Please note that dims is a now deprecated alias for shape.

Relation#

A RDF subject-predicate-object triplet. Relations are currently not explored in data models, but are included because of their generality. However, relations are heavily used in collections.

Identifiers#

Instances are uniquely identified by a universally unique identifier (UUID), which is a 128 bit label expressed as a string of the form xxxxxxxx-xxxx-xxxx-xxxx-xxxxxxxxxxx, where the xes are hexadecimal digits in the range [0-9a-fA-F].

Since data models are a subclass of instances, as described above, they are also uniquely identified by their UUID. The UUID of a data model is calculated as a version 5 SHA1-based UUID hash of the data model URI using the DNS namespace (with an optional final hash (#) or slash (/) stripped off).

Furthermore, to allow identifiers to be used in triplestores, they can also be normalised to (potentially) resolvable IRIs. The columns in the table below list the three representations of identifiers. Any representation can be considered an ID, while normalised IDs are valid IRIs.

ID

Normalised ID

Corresponding UUID

Note

uuid

ns / uuid

uuid

uri / uuid

uri / uuid

uuid

uri

uri

hash of uri

name

ns / name

hash of name

before v0.6.0

name

ns / name

hash of ns / name

v0.6.0+

Explanation of the symbols used in the table

  • uuid is a valid UUID. Ex: “0a46cacf-ce65-5b5b-a7d7-ad32deaed748”

  • ns is the predefined namespace string: “http://onto-ns.com/data”

  • uri is a valid URI with no query or fragment parts (as defined in the RFC 3986 standard). Ex: “http://onto-ns.com/meta/0.1/MyDatamodel”
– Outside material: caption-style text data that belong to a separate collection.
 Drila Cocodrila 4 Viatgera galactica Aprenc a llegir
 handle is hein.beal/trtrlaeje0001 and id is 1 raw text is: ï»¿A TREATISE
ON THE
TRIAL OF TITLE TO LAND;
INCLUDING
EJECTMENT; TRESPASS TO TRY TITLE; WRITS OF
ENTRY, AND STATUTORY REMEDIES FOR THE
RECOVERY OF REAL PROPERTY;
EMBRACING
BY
  • name is a string that is neither a UUID or a URL. Ex: “aa6060”.

Note

The way a UUID is calculated from an ID of the form of a name was changed in version 0.6.0.

The reason for this change is to ensure that the same UUID is obtained, regardless of whether it is calculated from the name or its corresponding normalised ID.

The behavior can be controlled with the namespacedID behavior.

Any ID can uniquely be converted to a normalised ID and any normalised ID can uniquely be converted to a UUID. Most importantly, using a normalised ID or UUID as an ID will result in the same corresponding UUID.

Going back is also possible. A UUID can be converted to a normalised ID (ex: uuid -> ns / uuid) and a normalised `ID can be converted to an ID (ex: uri -> uri). However, these conversions are not unique.

The id form is convenient for human readable identifiers. But please note, that such id’s must be globally unique. it is therefore recommended to use normalised IDs instead. These are also valid IRIs and can be used knowledge bases.

The tool dlite-getuuid can be used to manually convert URIs to their corresponding UUIDs (or normalised IRI).